Gavin proceeded to his room and poured himself a brandy, but the unhurried pace belied the tempest raging inside him. Whatever the reason for Sara’s agreeing to marry him, it was not just for money, position, and freedom. He didn’t begrudge her that, it would have been foolish for her to marry to her disadvantage, but she would not be willing to stay in Scotland, learn to understand his country, and bear his children, if those alone had been her goals. She
must
care for him. Oh, he knew what his father and mother had said, but it was a different thing to see proof, to have her volunteer to give up something she wanted for him, to try to become something because of him.
Nevertheless, he warned himself to proceed with caution. Many a laudable intent ran shallow, or lasted for only a short time. His mother had been fooled by a man she thought wanted her more than he wanted her money. He would not be taken in by a similar protestation, even if the protestor did have blue eyes, an eminently kissable mouth, and a waist he could circle with his two hands.

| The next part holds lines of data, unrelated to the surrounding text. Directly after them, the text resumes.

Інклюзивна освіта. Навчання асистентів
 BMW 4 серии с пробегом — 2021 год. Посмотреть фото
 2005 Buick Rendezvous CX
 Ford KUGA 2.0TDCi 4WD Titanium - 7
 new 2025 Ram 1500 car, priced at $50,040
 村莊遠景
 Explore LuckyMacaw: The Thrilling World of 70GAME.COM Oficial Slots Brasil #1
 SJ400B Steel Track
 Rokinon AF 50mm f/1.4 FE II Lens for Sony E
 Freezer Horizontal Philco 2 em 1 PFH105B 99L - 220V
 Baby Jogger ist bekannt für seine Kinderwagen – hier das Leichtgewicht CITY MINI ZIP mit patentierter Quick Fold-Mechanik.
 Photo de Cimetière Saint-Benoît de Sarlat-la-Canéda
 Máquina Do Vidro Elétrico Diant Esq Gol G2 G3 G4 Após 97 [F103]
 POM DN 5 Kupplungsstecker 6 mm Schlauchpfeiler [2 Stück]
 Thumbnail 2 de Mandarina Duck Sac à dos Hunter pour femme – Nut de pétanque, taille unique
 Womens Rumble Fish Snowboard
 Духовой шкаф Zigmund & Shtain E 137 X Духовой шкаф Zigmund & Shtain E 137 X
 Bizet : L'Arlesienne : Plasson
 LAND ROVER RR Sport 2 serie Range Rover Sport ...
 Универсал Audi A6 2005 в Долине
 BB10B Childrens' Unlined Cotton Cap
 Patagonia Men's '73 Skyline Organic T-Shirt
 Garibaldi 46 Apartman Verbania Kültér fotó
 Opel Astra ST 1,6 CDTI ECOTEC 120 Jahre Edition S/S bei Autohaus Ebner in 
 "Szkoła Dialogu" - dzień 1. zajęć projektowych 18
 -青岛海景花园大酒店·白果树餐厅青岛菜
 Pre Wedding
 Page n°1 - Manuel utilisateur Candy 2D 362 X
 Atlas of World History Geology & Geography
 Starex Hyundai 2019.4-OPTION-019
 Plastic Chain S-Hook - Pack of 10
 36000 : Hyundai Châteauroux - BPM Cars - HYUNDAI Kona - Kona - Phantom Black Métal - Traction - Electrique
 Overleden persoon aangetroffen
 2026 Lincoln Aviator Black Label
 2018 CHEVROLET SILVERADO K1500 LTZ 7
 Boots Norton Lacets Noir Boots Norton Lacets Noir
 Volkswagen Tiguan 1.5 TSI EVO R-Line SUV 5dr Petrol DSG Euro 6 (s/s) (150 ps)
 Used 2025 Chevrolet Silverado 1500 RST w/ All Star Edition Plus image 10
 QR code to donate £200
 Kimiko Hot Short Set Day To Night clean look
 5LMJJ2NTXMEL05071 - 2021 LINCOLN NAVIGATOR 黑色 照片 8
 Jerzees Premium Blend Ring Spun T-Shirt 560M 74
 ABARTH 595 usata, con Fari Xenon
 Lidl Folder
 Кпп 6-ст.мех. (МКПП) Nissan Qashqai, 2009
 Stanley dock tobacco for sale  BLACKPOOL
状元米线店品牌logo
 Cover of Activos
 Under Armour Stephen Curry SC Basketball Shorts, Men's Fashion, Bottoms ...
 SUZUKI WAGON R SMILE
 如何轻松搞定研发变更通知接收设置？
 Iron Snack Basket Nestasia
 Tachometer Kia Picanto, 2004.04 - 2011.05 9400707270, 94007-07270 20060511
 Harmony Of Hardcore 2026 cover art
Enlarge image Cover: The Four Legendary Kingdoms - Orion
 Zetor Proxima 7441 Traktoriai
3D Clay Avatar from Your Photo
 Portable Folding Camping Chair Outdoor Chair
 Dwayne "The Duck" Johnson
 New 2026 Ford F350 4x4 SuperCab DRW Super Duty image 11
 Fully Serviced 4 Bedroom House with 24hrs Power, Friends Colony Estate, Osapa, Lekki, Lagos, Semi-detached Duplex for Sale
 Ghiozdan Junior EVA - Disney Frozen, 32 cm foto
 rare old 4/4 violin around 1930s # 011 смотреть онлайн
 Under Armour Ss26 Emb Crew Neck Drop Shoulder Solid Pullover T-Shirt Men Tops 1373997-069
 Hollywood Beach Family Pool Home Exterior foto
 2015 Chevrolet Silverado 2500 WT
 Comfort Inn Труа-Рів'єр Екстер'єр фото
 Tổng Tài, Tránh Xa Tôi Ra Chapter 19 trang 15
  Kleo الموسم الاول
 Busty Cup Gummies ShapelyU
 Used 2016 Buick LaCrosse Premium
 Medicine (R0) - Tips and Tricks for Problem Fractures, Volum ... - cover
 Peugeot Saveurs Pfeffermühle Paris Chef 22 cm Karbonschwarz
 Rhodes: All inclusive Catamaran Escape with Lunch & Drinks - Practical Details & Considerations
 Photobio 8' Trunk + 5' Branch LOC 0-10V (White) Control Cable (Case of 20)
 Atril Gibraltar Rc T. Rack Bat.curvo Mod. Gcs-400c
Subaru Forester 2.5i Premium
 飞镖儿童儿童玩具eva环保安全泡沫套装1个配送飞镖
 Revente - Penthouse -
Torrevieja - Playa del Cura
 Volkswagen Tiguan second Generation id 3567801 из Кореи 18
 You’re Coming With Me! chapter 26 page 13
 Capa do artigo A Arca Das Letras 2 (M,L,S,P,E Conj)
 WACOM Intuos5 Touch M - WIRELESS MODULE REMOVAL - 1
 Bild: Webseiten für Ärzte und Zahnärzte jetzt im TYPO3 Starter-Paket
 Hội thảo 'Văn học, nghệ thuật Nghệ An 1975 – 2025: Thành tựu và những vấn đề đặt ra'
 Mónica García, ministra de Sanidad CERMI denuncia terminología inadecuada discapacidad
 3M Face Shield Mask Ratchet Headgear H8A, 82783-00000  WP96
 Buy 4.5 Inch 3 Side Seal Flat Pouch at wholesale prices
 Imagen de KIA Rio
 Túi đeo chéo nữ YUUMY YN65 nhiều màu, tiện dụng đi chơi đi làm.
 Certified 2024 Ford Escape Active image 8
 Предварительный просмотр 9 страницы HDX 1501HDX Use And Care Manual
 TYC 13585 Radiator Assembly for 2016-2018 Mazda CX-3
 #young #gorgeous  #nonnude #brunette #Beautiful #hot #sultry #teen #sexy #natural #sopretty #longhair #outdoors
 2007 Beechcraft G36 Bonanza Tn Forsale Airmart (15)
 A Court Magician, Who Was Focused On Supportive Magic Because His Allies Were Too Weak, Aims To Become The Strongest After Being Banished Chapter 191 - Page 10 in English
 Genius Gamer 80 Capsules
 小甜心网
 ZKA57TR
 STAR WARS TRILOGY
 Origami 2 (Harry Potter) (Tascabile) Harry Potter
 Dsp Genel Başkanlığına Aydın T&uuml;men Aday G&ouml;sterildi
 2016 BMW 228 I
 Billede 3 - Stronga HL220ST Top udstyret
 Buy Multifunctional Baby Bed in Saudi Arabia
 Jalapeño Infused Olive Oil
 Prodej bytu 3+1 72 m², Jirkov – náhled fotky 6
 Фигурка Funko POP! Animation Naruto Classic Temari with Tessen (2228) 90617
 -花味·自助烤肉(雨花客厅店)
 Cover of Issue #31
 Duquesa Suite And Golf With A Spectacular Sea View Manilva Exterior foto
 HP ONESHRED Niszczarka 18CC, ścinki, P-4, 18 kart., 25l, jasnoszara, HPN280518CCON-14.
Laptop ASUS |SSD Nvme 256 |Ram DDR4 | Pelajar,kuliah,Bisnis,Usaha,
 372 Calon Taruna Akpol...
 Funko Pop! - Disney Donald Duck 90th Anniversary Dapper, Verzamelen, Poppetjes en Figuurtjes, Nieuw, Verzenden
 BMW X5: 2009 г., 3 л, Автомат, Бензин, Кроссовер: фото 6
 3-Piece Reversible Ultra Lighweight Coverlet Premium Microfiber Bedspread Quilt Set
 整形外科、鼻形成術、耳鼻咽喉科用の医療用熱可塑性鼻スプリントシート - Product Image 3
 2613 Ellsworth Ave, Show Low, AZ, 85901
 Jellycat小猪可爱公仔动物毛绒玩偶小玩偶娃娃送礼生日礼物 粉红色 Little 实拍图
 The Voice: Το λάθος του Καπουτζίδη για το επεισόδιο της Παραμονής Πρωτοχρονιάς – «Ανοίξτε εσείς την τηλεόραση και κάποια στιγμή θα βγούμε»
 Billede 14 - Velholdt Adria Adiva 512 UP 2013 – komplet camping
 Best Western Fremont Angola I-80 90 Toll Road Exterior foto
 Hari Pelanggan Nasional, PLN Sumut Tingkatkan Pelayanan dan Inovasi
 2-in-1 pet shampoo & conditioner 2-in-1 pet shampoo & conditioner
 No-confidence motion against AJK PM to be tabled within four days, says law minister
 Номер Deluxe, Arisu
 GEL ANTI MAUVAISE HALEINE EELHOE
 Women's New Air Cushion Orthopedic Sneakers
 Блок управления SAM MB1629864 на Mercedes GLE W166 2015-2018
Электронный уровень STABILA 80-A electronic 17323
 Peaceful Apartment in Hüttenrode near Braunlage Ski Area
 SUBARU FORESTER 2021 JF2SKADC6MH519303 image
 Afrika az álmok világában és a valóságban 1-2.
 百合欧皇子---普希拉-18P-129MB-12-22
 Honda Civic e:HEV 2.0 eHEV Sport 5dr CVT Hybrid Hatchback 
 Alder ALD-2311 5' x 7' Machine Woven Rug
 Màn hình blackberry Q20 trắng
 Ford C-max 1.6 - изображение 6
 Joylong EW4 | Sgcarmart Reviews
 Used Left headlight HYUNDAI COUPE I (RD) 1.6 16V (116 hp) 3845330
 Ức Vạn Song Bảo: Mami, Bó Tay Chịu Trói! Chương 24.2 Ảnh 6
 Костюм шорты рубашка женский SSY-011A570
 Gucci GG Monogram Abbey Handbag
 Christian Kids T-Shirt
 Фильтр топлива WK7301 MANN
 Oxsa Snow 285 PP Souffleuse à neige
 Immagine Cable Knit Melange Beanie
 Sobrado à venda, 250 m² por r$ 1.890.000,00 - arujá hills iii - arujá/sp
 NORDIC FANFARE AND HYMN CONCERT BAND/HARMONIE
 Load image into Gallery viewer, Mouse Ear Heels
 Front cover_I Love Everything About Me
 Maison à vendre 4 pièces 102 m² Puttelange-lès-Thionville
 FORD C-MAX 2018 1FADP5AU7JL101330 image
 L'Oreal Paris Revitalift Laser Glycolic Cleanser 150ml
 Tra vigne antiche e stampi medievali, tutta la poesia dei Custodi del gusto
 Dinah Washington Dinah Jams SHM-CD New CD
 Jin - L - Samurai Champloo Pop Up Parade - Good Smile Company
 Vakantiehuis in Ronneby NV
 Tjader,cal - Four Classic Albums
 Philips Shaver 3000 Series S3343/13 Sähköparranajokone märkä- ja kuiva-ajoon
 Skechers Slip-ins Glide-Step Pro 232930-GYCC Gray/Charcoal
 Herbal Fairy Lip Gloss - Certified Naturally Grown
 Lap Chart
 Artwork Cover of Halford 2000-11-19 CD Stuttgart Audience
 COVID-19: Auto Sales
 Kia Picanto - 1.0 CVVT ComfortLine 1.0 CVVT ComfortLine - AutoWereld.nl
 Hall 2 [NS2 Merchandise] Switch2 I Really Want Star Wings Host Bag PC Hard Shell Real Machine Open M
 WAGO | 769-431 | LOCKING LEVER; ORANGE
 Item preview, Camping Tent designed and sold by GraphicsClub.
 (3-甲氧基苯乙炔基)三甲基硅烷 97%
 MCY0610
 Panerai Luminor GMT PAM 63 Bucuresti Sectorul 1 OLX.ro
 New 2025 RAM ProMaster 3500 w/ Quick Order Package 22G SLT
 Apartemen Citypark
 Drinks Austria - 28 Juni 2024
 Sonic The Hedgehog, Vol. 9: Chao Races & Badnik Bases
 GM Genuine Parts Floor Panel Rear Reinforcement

But reason no longer held the rein on his emotions. Simple desire, unseeing and unyielding, had gained the upper hand, and he was willing to dare anything, risk anything, to be with Sara. Tomorrow was soon enough to concern himself with the future. Tonight, for a few hours at least, he only wanted nothing more than to lie in her arms, feel the comfort of her body, and believe that someday she would come to him for himself rather than what he brought to her. A barely heard closing door told him that Betty had left Sara’s room, and that she was alone.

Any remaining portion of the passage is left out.